Sedangkan dalam variasi jual beli uang dengan uang memakai hukum khusus yang
tidak terdapat dalam bai’ mutlak (jual beli barang dengan uang) dan bai’
muqayyadah (jual beli barang dengan barang) yaitu dalam hal time
settlement-nya. Artinya dalam aqad al-Sharf ini harus dilakukan secara tunai
(tidak boleh ditangguhkan).[4]
Sebagaimana
diketahui, bahwa jual beli itu bisa berupa ayn (goods dan service) yang berarti
barang dan jasa, atau juga berupa dayn (financial obligation). Objek jual beli
yang berupa dayn dengan dayn, hukumnya adalah tidak sah karena hal tersebut
telah menjadikan dayn sebagai ayn. Akan tetapi ketika kedua bentuk dayn itu
adalah berupa mata uang, maka ia adalah al-sharf yang hukumnya boleh (mubah)
dengan syarat kedua mata uang tersebut harus diserahkan secara langsung (tunai)
sebelum para pihak berpisah. Sehingga akad al-sharf ini bisa disebut sebagai
pengecualian dari aqad lain yang obyeknya berupa dayn.
Tujuan dari
keharusan tunai dalam aqad al-sharf ini adalah untuk menghindari adanya gharar
yang terdapat dalam riba fadl. Gharar dalam aqad al-sharf ini akan
lenyap karena time of settlement-nya dilaksanakan secara tunai. Sedangkan dalam
aqad yang obyeknya berupa barang, maka selain masa penyerahannya yang harus
tunai, juga harus sama dalam hal kualitas dan kuantitasnya. Justru merupakan
satu hal yang tepat, ketika Ibn Taimiyah mensyaratkan harus dilakukan secara
simultan (taqabud) dalam transaksi perdagangan uang.
Sebagai salah
satu variasi jual beli, al-sharf juga tentu saja harus memenuhi persyaratan
sebagaimana halnya variasi jual beli yang lain seperti bai’ mutlak dan
muqayyadah.
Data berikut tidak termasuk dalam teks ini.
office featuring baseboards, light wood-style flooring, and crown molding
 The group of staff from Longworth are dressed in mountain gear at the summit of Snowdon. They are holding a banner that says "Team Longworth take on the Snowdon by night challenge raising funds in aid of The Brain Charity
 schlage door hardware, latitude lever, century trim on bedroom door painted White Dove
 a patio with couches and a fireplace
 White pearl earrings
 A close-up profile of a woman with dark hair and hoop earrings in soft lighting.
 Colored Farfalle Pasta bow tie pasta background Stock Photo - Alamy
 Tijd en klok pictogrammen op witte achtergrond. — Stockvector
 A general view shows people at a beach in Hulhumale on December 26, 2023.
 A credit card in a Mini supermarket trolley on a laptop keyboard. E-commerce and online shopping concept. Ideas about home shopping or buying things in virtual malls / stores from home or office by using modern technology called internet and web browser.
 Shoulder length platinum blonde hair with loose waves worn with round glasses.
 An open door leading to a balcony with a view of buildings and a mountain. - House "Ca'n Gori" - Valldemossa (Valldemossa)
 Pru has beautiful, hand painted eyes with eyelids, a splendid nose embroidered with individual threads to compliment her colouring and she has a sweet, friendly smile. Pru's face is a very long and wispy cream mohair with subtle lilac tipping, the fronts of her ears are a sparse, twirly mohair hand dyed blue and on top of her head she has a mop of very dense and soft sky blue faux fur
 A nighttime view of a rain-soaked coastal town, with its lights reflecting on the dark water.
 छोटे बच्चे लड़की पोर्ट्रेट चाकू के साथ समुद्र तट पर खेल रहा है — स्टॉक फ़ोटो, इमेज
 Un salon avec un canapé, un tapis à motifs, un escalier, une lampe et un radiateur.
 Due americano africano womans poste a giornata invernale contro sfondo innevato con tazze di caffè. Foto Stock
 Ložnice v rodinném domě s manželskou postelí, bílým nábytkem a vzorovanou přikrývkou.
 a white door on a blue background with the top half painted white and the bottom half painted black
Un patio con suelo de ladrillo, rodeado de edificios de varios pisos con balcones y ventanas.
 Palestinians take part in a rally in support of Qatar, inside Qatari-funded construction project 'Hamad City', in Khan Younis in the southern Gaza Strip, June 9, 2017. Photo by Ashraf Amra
Karena agar jual beli itu terbentuk dan sah diperlukan sejumlah
syarat, yaitu syarat adanya aqad jual beli dan syarat sahnya jual beli.
Sehingga aqad jual beli itu tidak saja ada dan terbentuk, akan tetapi juga sah
secara hukum. Dengan demikian hukum tentang al-sharf yang biasa diartikan
dengan jual beli valuta asing tidak diragukan lagi kebolehannya dari sudut fiqh
Islam.
D. Dasar Hukum Valuta Asing (Valas)
Seperti yang
telah diterangkan dalam pendahuluan bahwa setelah beberapa jenis mata uang
telah dibuat, maka mata uang kertas wajib menggantikan fungsi emas dan perak,
yang mana emas dan perak inilah yang dulu dipakai sebagai alat tukar. Dengan
demikian mata uang kertas menjadi satu-satunya satuan hitung dan sarana perantara
dalam tukar menukar. Mata uang kertas menjadi nilai harga sebagaimana halnya
emas dan perak. Oleh sebab itu hukum tukar menukar mata uang kertas tunduk
kepada peraturan al-sharf sebagaimana halnya emas dan perak.
Praktek al-sharf
hanya terjadi dalam transaksi jual beli, di mana praktek ini diperbolehkan
dalam Islam berdasarkan firman Allah QS. al-Baqarah ayat 275:
”Orang-orang
yang makan (mengambil) riba tidak dapat berdiri melainkan seperti berdirinya
orang yang kemasukan syaitan lantaran (tekanan) penyakit gila. keadaan mereka
yang demikian itu, adalah disebabkan mereka Berkata (berpendapat), Sesungguhnya
jual beli itu sama dengan riba, padahal Allah Telah menghalalkan jual beli dan
mengharamkan riba. orang-orang yang Telah sampai kepadanya larangan dari
Tuhannya, lalu terus berhenti (dari mengambil riba), Maka baginya apa yang
Telah diambilnya dahulu (sebelum datang larangan); dan urusannya (terserah)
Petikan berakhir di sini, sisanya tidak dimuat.